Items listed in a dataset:

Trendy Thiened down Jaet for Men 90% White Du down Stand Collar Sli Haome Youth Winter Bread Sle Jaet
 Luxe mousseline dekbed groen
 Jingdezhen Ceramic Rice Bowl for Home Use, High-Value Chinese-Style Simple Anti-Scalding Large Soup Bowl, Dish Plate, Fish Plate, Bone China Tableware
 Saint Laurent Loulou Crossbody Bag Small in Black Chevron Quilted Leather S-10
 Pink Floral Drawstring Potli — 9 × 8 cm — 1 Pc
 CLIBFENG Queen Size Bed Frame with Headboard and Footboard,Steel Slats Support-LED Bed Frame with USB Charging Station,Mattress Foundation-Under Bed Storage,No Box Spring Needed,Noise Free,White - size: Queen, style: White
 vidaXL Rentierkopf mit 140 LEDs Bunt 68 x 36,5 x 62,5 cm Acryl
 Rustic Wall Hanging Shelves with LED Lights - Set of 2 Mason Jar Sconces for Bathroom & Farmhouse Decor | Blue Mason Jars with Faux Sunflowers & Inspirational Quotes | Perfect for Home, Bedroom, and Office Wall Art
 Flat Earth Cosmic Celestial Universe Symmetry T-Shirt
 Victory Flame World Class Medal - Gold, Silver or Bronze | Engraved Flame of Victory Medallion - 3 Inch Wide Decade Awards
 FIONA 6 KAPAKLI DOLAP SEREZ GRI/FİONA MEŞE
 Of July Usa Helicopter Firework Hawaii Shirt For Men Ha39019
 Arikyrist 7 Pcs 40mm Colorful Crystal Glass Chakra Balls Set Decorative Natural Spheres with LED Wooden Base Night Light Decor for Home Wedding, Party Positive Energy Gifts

# WORK INSTRUCTIONS
Retype the entries above exactly, but only from the line containing "Pink Floral Drawstring" through the line containing "Victory Flame World", both included.

# EXPECTED ANSWER
 Pink Floral Drawstring Potli — 9 × 8 cm — 1 Pc
 CLIBFENG Queen Size Bed Frame with Headboard and Footboard,Steel Slats Support-LED Bed Frame with USB Charging Station,Mattress Foundation-Under Bed Storage,No Box Spring Needed,Noise Free,White - size: Queen, style: White
 vidaXL Rentierkopf mit 140 LEDs Bunt 68 x 36,5 x 62,5 cm Acryl
 Rustic Wall Hanging Shelves with LED Lights - Set of 2 Mason Jar Sconces for Bathroom & Farmhouse Decor | Blue Mason Jars with Faux Sunflowers & Inspirational Quotes | Perfect for Home, Bedroom, and Office Wall Art
 Flat Earth Cosmic Celestial Universe Symmetry T-Shirt
 Victory Flame World Class Medal - Gold, Silver or Bronze | Engraved Flame of Victory Medallion - 3 Inch Wide Decade Awards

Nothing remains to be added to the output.